> **Work request**
Starting at the line below that contains "Personalised Racer Father's" and ending at the line that contains "Tricou din bumbac cu guler în U și nervuri", retype each line exactly as it stands, but omit the pictures.

Captioned web images:

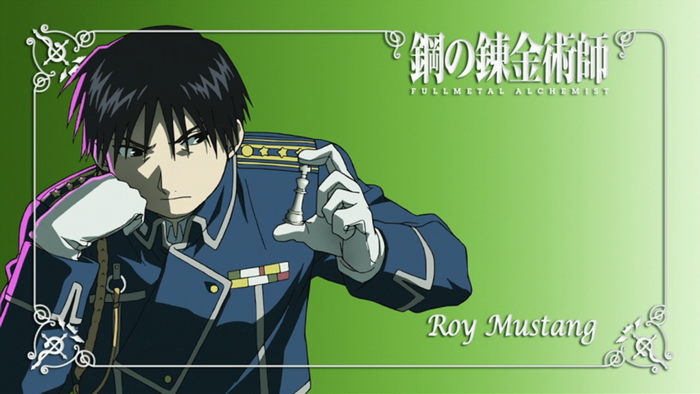 Roy Mustang from Fullmetal Alchemist holding a chess piece
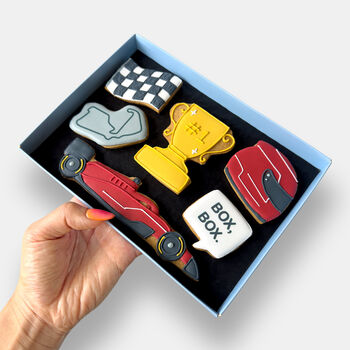 Personalised Racer Father's Day Letterbox Iced Cookies, 3 of 10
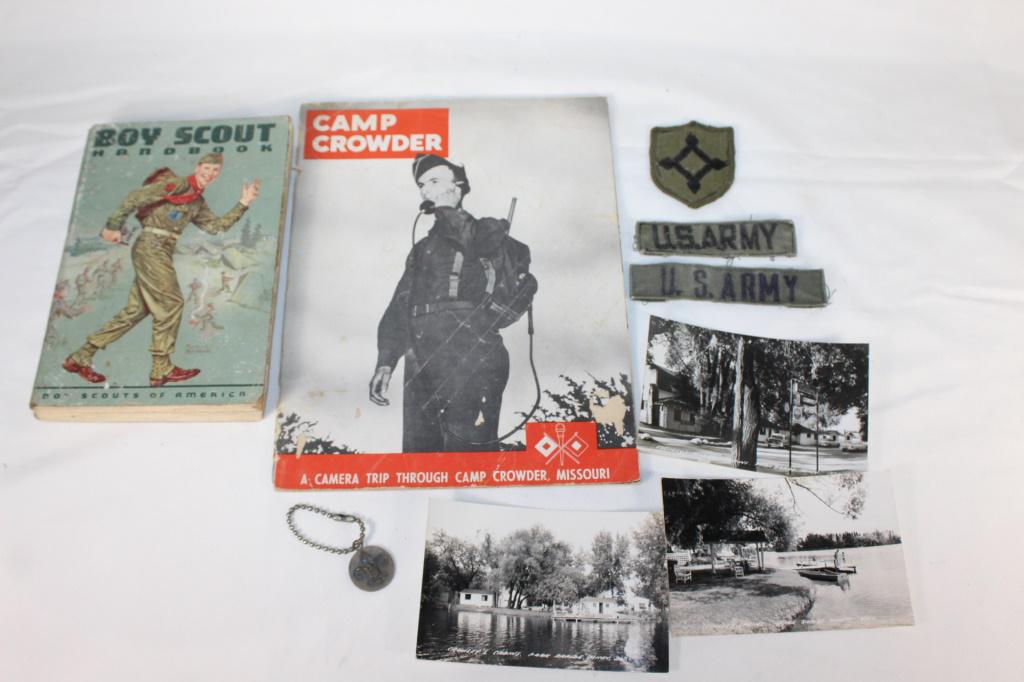 Camp Crowder Maga, Boyscout Book, Military Patches: vintage lot of boy scout and military as pictured
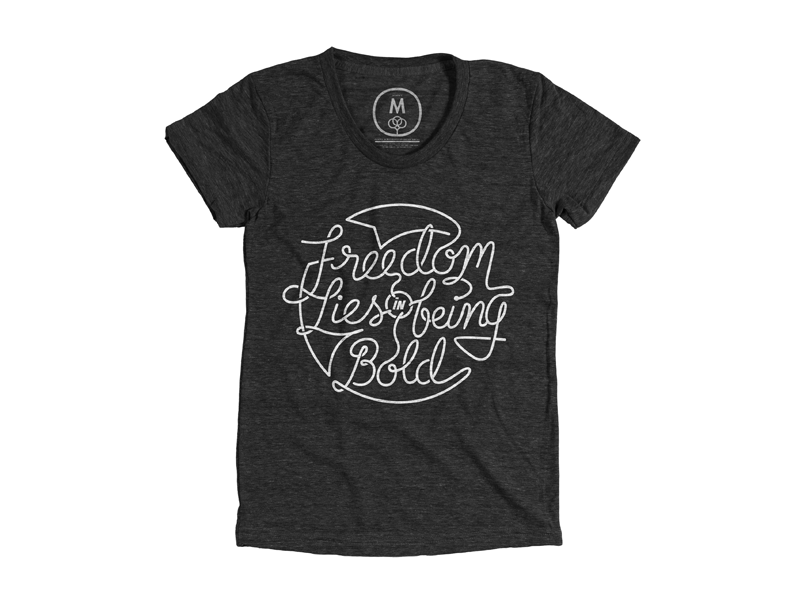 Freedom Lies In Being Bold - Robert Frost cottongram fontype gif handmade lettering quote quotetype script typeface typography vintage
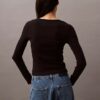Tricou din bumbac cu guler în U și nervuri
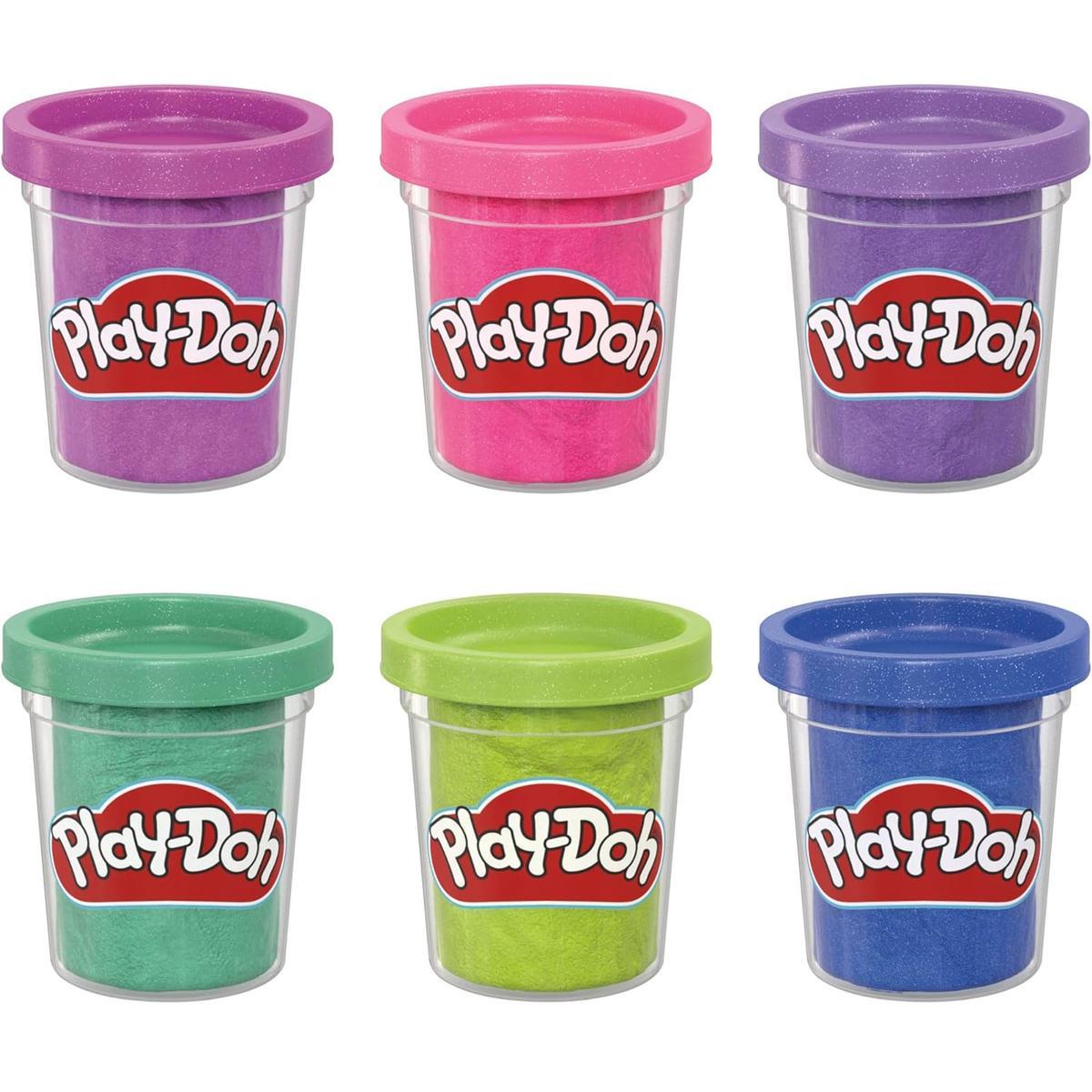 Play-Doh Sparkle błyszcząca ciastolina zestaw kolorowych tub 6-pak F9932 nr. 3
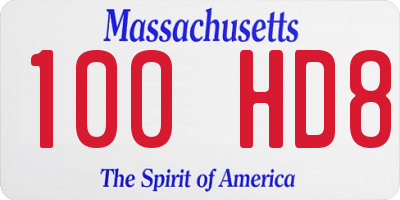 MA license plate 100HD8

> **Problem solution**
 Personalised Racer Father's Day Letterbox Iced Cookies, 3 of 10
 Camp Crowder Maga, Boyscout Book, Military Patches: vintage lot of boy scout and military as pictured
 Freedom Lies In Being Bold - Robert Frost cottongram fontype gif handmade lettering quote quotetype script typeface typography vintage
Tricou din bumbac cu guler în U și nervuri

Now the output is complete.